Yuan Quan (, born 16 October 1977), also known as Yolanda Yuan, is a Chinese actress and singer. She graduated from the Central Academy of Drama where she majored in drama.

Career
Yuan starred in her first film Rhapsody of Spring (1998), which won her the Golden Rooster Award for Best Supporting Actress. Her subsequent films also earned her awards; Once Upon a Time in Shanghai (1998) earned her a nomination for Best Actress at the Golden Rooster Award and A Love of Blueness (2000) brought her the Best Actress trophy at the Beijing College Student Film Festival. In 2002, Yuan won her second Golden Rooster Award for her performance in Pretty Big Feet by Mo Yan, the first film that depicts contemporary western China.
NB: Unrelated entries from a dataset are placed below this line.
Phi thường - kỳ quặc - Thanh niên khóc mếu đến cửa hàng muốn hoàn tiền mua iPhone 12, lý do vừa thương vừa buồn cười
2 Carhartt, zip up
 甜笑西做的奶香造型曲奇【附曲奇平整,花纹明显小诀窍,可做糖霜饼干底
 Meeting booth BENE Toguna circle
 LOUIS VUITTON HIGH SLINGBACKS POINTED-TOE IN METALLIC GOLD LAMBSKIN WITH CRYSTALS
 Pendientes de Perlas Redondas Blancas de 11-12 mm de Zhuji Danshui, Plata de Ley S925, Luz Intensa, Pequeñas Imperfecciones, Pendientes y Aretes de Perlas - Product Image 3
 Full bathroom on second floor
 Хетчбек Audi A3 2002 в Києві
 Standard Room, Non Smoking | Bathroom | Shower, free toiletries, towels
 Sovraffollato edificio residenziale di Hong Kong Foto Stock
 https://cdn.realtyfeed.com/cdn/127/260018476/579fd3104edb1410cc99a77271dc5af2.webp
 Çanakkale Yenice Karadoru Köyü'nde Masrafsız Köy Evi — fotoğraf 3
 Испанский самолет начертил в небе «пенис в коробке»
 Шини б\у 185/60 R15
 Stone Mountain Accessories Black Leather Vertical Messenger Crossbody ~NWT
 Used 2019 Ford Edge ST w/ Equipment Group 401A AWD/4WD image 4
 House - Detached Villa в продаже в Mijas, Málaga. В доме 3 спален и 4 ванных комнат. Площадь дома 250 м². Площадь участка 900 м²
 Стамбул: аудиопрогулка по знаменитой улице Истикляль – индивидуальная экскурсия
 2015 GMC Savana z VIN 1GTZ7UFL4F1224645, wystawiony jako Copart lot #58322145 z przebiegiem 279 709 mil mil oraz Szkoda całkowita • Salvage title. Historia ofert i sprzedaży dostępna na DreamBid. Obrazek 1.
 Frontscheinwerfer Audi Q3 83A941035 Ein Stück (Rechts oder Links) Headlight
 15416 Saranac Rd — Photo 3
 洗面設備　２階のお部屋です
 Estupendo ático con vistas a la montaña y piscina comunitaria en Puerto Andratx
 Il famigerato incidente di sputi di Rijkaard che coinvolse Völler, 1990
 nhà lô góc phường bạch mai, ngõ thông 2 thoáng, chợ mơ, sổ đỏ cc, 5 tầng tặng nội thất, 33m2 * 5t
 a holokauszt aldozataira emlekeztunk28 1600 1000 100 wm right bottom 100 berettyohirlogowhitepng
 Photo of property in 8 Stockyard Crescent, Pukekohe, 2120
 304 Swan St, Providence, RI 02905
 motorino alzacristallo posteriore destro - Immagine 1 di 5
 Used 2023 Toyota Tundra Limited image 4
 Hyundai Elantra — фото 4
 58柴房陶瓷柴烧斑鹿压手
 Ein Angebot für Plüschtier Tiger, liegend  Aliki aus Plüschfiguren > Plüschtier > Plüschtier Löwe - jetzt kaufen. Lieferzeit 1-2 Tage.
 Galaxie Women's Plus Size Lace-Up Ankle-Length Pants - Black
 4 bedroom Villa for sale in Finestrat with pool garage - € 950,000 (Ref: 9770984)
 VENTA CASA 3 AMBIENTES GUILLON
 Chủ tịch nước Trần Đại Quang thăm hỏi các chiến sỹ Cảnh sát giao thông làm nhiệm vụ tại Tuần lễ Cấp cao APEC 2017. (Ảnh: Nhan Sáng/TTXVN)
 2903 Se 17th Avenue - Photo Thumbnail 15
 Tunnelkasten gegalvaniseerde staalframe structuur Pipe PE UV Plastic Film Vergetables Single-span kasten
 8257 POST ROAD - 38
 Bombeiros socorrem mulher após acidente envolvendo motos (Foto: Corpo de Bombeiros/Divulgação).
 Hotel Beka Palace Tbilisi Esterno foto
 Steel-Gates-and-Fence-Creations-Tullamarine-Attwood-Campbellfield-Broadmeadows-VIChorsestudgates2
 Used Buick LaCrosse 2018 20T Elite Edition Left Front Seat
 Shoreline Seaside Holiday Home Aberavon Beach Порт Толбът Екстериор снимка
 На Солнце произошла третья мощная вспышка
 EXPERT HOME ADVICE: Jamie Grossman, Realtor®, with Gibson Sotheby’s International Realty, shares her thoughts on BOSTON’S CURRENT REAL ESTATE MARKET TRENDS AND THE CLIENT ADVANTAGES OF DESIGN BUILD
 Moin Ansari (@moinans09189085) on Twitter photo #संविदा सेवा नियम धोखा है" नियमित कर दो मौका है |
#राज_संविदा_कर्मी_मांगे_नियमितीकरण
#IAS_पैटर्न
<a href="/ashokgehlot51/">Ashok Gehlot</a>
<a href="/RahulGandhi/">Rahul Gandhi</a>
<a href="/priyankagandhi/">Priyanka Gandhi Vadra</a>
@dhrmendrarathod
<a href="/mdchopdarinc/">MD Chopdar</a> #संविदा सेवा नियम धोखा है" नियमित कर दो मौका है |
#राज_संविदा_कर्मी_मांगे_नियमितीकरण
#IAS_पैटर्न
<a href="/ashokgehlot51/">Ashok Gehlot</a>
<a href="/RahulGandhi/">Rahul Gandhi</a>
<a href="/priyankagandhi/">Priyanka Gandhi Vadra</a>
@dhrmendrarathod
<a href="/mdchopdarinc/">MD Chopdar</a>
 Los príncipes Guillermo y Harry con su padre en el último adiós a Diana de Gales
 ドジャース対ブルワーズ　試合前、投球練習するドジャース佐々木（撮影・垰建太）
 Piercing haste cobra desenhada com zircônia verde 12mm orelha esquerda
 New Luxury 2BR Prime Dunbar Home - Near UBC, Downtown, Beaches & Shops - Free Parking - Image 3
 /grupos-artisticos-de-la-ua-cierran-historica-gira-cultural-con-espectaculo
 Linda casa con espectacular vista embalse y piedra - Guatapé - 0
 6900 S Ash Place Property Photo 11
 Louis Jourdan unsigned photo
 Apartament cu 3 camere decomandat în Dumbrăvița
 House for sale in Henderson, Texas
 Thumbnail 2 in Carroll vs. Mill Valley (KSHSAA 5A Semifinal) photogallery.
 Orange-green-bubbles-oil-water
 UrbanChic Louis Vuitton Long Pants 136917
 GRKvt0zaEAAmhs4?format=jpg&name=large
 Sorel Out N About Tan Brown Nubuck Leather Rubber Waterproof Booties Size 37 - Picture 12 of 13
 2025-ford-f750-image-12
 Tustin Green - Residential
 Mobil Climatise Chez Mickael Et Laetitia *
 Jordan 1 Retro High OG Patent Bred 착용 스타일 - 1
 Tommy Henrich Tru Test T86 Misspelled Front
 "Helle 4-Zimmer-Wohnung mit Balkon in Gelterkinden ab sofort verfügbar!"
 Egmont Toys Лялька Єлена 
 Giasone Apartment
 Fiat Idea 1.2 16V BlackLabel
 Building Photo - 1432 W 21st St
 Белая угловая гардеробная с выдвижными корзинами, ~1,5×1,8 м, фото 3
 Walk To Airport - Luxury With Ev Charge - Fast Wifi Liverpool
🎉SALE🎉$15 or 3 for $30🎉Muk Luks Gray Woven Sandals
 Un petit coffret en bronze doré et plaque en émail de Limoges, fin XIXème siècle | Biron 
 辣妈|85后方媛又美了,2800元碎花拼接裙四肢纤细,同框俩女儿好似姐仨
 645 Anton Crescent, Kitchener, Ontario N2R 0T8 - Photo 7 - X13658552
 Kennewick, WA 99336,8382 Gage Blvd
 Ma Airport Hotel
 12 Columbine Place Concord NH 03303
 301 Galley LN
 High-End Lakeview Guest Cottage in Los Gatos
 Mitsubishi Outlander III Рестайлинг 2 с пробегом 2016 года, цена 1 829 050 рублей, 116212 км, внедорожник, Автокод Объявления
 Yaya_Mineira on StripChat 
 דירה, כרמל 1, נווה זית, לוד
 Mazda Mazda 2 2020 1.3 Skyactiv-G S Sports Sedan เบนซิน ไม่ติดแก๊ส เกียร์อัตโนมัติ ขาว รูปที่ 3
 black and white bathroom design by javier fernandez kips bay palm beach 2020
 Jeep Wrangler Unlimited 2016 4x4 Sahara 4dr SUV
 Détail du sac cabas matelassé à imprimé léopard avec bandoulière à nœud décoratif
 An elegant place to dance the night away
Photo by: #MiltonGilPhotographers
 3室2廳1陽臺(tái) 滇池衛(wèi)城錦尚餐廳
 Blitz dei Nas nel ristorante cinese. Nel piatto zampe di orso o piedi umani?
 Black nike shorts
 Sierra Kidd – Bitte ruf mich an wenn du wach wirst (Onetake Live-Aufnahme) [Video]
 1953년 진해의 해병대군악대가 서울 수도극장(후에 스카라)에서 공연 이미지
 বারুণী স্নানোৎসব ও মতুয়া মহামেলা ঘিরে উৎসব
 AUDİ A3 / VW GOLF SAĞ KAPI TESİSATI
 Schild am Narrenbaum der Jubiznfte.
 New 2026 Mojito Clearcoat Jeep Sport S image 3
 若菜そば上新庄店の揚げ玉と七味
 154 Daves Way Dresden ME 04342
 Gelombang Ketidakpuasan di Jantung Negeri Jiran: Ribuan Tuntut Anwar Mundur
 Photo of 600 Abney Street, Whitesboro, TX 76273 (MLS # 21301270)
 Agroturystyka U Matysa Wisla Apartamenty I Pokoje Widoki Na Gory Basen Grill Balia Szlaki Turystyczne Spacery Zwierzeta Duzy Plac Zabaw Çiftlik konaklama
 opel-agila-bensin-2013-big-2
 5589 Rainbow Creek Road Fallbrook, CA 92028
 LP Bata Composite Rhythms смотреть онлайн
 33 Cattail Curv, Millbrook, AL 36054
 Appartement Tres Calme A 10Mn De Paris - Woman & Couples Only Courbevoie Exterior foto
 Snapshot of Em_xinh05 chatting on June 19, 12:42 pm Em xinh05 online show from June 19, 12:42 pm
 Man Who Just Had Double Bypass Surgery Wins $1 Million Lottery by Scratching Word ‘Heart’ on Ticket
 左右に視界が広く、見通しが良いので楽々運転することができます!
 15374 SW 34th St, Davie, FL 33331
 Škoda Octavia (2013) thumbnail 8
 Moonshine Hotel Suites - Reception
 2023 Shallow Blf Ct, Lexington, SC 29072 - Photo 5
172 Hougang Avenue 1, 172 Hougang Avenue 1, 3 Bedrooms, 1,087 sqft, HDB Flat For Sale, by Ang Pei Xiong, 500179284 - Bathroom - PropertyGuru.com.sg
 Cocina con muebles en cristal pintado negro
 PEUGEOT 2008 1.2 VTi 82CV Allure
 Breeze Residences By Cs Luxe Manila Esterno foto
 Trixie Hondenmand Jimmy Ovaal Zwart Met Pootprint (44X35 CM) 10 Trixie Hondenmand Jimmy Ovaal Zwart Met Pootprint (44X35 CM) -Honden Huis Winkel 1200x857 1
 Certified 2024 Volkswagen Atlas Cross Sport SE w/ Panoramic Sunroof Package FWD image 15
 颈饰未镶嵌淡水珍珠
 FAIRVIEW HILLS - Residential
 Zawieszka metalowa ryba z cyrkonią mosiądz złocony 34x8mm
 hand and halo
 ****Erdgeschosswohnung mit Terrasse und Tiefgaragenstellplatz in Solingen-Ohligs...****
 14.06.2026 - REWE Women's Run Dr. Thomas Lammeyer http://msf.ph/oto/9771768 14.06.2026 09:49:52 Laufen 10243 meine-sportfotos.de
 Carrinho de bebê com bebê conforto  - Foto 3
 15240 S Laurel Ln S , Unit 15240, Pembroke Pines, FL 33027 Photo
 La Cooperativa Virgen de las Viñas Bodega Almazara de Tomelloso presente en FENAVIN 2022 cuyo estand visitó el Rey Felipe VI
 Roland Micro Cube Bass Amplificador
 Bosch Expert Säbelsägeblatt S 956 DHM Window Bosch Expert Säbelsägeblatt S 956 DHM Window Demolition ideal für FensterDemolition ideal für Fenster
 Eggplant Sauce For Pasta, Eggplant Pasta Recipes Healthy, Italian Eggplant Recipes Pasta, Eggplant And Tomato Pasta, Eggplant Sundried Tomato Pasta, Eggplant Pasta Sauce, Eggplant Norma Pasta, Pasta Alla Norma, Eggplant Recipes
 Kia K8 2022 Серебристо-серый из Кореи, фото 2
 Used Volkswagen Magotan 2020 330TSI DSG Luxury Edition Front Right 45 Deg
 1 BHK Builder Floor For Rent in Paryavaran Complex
Though Yuan achieved success in films, it is on stage that Yuan has earned most fame and applause. She chose to become a professional drama actress at the National Theater of China after graduation and first attracted the audience and media in the 2001 production of Hurricane. Yuan rose to prominence in 2005 when she starred in Meng Jinghui's musical drama Amber, which was a hit; touring seven cities in Asia and attracting more than 100,000 audiences. In 2006, she starred in Secret Love in Peach Blossom Land by Stan Lai, which won critical acclaim and was voted  "Best Stage Drama of 2006". The success of the play led to Yuan's introduction to famous Taiwan musician Yao Qian, who in turn inspired Yuan Quan to start a musical career. In 2007, Yuan released her first album, The Lonely Flower.

Yuan also took on the role of the titular protagonist for the 2009 and 2013 drama production Jane Eyre by the National Center for the Performing Arts. Her performance received acclaim; in an audience poll conducted by the Beijing News, 90% believed that Yuan's Jane did justice to the novel, conveying the character's ‘calm, introverted and persistent personality’. Yuan won the China Golden Lion Award for Drama in 2010 and the Plum Blossom Award in 2012; both are considered high honors in theater.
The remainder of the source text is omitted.